- [EXERCISE DIRECTIONS]: Output, word for word, every line from the start of the listing down to and including the line that contains "Jesaja 12:4 SV1917 Bible Study"; include nothing else.
MATERIAL FOR THIS TASK below:
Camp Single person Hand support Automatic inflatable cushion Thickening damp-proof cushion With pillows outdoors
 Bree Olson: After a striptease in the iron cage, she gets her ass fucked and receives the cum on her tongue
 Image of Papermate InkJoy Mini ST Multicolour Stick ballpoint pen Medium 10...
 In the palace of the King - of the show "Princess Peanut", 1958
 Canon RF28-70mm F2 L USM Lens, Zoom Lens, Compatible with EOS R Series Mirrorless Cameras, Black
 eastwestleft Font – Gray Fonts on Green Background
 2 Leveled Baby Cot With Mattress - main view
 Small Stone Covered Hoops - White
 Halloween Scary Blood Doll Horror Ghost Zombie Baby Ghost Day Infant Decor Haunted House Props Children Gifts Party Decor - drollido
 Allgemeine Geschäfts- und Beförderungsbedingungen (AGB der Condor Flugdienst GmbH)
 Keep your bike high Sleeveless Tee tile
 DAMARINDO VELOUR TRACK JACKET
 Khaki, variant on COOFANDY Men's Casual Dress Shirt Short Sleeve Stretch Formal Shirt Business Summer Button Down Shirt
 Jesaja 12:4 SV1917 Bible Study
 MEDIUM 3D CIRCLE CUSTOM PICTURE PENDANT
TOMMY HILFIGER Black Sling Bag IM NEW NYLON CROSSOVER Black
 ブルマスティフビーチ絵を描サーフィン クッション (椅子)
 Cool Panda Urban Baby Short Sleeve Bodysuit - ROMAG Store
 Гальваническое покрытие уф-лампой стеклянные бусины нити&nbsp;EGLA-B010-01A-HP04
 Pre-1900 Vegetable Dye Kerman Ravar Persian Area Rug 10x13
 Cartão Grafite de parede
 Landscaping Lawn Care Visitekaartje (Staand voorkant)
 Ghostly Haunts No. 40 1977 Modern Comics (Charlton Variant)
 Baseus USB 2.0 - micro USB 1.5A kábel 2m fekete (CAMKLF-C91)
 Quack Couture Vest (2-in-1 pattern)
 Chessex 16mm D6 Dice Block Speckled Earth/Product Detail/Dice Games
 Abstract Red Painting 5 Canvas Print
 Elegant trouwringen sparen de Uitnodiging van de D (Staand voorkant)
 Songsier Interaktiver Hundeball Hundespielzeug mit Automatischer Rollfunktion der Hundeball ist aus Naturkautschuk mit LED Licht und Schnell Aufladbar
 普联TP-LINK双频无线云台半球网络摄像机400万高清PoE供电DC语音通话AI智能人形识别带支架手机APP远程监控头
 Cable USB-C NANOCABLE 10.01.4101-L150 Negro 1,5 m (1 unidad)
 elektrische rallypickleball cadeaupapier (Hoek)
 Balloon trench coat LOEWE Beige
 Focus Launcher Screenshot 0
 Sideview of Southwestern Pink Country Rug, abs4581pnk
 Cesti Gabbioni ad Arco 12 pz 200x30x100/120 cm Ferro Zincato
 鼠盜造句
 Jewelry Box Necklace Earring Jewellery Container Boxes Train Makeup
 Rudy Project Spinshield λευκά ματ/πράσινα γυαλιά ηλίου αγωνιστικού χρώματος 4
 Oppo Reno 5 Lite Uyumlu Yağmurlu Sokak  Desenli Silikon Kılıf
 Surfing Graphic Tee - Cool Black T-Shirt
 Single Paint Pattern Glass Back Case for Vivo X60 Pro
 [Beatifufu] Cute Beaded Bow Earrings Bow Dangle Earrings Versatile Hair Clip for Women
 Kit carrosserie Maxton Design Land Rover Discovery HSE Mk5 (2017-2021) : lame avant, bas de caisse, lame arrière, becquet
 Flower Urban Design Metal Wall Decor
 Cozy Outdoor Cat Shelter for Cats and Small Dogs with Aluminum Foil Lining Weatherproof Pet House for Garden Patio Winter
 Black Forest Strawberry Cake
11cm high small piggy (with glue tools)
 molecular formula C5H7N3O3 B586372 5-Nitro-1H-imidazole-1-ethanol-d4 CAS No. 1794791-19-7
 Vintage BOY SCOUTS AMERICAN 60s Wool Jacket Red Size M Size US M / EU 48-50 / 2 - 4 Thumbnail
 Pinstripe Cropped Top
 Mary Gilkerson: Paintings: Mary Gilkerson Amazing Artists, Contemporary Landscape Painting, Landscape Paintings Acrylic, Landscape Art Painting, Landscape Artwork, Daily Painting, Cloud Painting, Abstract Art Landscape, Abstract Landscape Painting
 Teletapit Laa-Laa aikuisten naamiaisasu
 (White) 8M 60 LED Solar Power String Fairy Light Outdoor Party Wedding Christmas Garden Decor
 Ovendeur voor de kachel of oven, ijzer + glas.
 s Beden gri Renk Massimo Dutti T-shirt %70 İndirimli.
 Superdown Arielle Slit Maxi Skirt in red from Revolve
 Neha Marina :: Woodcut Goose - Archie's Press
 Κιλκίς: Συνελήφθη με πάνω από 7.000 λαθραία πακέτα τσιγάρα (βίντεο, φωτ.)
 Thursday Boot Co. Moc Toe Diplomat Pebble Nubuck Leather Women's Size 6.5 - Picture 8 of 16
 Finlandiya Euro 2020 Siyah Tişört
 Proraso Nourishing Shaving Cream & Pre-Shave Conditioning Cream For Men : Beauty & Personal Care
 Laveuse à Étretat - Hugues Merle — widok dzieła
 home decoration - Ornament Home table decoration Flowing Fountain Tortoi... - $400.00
End of MATERIAL FOR THIS TASK.
- [SOLUTION TO THIS EXERCISE]:
Camp Single person Hand support Automatic inflatable cushion Thickening damp-proof cushion With pillows outdoors
 Bree Olson: After a striptease in the iron cage, she gets her ass fucked and receives the cum on her tongue
 Image of Papermate InkJoy Mini ST Multicolour Stick ballpoint pen Medium 10...
 In the palace of the King - of the show "Princess Peanut", 1958
 Canon RF28-70mm F2 L USM Lens, Zoom Lens, Compatible with EOS R Series Mirrorless Cameras, Black
 eastwestleft Font – Gray Fonts on Green Background
 2 Leveled Baby Cot With Mattress - main view
 Small Stone Covered Hoops - White
 Halloween Scary Blood Doll Horror Ghost Zombie Baby Ghost Day Infant Decor Haunted House Props Children Gifts Party Decor - drollido
 Allgemeine Geschäfts- und Beförderungsbedingungen (AGB der Condor Flugdienst GmbH)
 Keep your bike high Sleeveless Tee tile
 DAMARINDO VELOUR TRACK JACKET
 Khaki, variant on COOFANDY Men's Casual Dress Shirt Short Sleeve Stretch Formal Shirt Business Summer Button Down Shirt
 Jesaja 12:4 SV1917 Bible Study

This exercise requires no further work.